Mr. Michael L. Kosoff
Staff Attorney -- Office of Insurance Products
Division of Investment Management
Securities and Exchange Commission
100 F Street NE
Washington, D.C. 20549-4644

Re: Post-Effective Amendment No. 7 to the Registration Statement on Form S-6 for
    Hartford Life Insurance Company Separate Account Twelve (File No.
    333-114401)

Dear Mr. Kosoff:

Enclosed is one copy of Post-Effective Amendment No. 7 to the above-referenced
registration statement on Form S-6 (the "Registration Statement") that was filed
with the Securities and Exchange Commission on September 11, 2006 by Hartford
Life Insurance Company ("Hartford"). In addition to the unmarked copy, Hartford
has included one copy of the Registration Statement's prospectus, redlined to
show the changes from the prospectus in the Post-Effective Registration
Statement filed by Hartford on July 14, 2006. Page numbers below refer to the
redlined copy of the Registration Statement prospectus. Capitalized terms used
and not otherwise defined are consistent with the defined terms set forth in the
applicable Registration Statement's prospectus.

The purpose of Post-Effective Amendment No. 7 is to respond to Staff comments
provided to Hartford by phone on August 29, 2006 with respect to Post-Effective
Amendment No. 6. Hartford's responses incorporating the Staff's comments are
discussed below.

       1.   The example table disclosure has been adjusted to reflect a
            Participant Account value of $10,000.

       2.   The Hartford Small Company Fund Sub-Account remains closed to
            Contracts issued on or after May 1, 2006. No changes have been made
            to the disclosure.

       3.   The fee table on page 4 of the prospectus has been updated to
            reflect the current maximum total fund operating expenses.

       4.   The prospectus states on page 8 that the Contract Owner can withdraw
            all or part of the amounts invested under the Contract at any time.
            Contract Owner is defined as the employer or entity owning the
            Contract. Hartford believes the disclosure is sufficiently clear.
            Participants do not have the right to withdraw amounts invested
            under the Contract.
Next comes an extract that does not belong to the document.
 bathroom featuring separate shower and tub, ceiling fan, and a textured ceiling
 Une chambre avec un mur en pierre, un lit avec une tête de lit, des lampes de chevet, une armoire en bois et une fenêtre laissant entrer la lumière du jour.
No changes to the prospectus disclosure have
            been made.

       5.   References to "Annuity Commencement Date" on page 16 are not
            applicable and have been eliminated.

       6.   The table representing the total underlying fund operating expenses
            has been included on page 4.

Hartford believes that it has been fully responsive to the Staff's comments,
that the responses do not raise additional issues for the Staff's consideration
and that, other than the changes discussed above, no material changes have been
made in the Post-Effective Amendment.

We hereby acknowledge that the Staff of the Commission has not passed upon the
accuracy or adequacy of the prospectus and related statement of additional
information for the above referenced registration statement filed on Form S-6 on
September 11, 2006.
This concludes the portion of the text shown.